The Albums of 2012 (#10): Matthew Dear – Beams (Ghostly International)

Matthew Dear's Beams spearheaded the 2012 trend that saw electronic producers embracing classic songwriting and pop music tropes – but what has he got planned for next year?

Feature by Bram E. Gieben | 04 Dec 2012

2012 was the year that dance music and classic songwriting re-engaged – as evidenced by the move towards electronica by veterans such as Liars, as much as the embracing of pop hooks by fledgling acts like Grimes and Purity Ring. As such, it was the perfect year for the return of Ghostly International founder Matthew Dear, who followed up 2010's critically acclaimed, dystopian album Black City with its more upbeat, lounge lizard cousin, Beams.

Dear told us back in August that if Black City was “a black hole,” then Beams was “the back end of a black hole, where all the light is rushing out the other side.” It is an album that is filled with exuberance, along with elliptical, contradictory lyrics which see Dear fully embracing his role as a David Bowie / David Byrne figure for the twenty-first century.

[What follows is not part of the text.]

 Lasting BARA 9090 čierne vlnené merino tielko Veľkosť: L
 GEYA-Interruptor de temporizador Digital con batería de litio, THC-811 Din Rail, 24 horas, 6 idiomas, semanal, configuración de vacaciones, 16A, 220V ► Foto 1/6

Dear is now on tour with Beams, and thus far, the audiences have been captivated: “People finally seem to have a sense of where to put me on their musical shelf,” he reflects. “The final show of the North American tour at Webster Hall in New York was far and away one of the most important shows of my life. There was an energy in the room I have never felt with an audience before.”

When we last spoke, Dear talked about bringing elements of theatricality to his live show: “I've just asked the band and myself to 'go somewhere' when we're on stage,” he says. The theatricality of the performance is less, rehearsed and planned: “It's more about providing a sense of intensity and urgency up there, as opposed to putting on masks and speaking to skulls,” he explains.

Asked about his songwriting process, Dear says he still leads with the beats and melodies: “Typically, I begin with the music. You can enter a mantric state when working endlessly on loops and sounds all day. Once the music has firmly placed itself in position, I then use the sedated headspace to conjure up a story with lyrics. By the time the words hit the page, I am in a very vulnerable and private headspace that allows for personal reflection into song.” This results in lyrics which are at once confessional, but also frequently oblique and abstract – keeping listeners guessing as to the themes and narratives on Beams.

Hurricane Sandy, which severely affected many citizens in the state of New York, pretty much passed Dear and his colleagues by: “My house in the woods lost power for about a week, and a few large pine trees were uprooted and laid flat on their sides,” he says. Dear is still constructing his home studio: “I've done some work in it, and the machines are up and running. Acoustically though, the walls are still unfinished drywall, so there is still the design element to finish. I plan to finish it in January of 2013.” The Ghostly offices were also thankfully bypassed by the superstorm: “The Ghostly crew were safe, and nothing was damaged,” Dear confirms. “Our hearts go out to those who were less fortunate. Many people lost everything, and could still use help.”

As for Dear, his plans after the current tour remain unchanged – next year will see at least two releases from him, under different aliases: “I am already working on a few songs for the next Matthew Dear album,” he confirms, adding: “I intend to make an Audion album in 2013, and build a live show around it as well.” With the prospect of more of Dear's mercurial songwriting on the horizon, and new material from his more techno-oriented Audion alias, it seems that the celebrated producer and singer is in the midst of a creative renaissance. Coupled with a strong year of releases from Ghostly in 2012, from artists such as Com Truise, Adult., School of Seven Bells and Gold Panda, it looks like Dear's innovative, mercurial fusion of cutting-edge dance music, classic pop and outré showmanship is here to stay.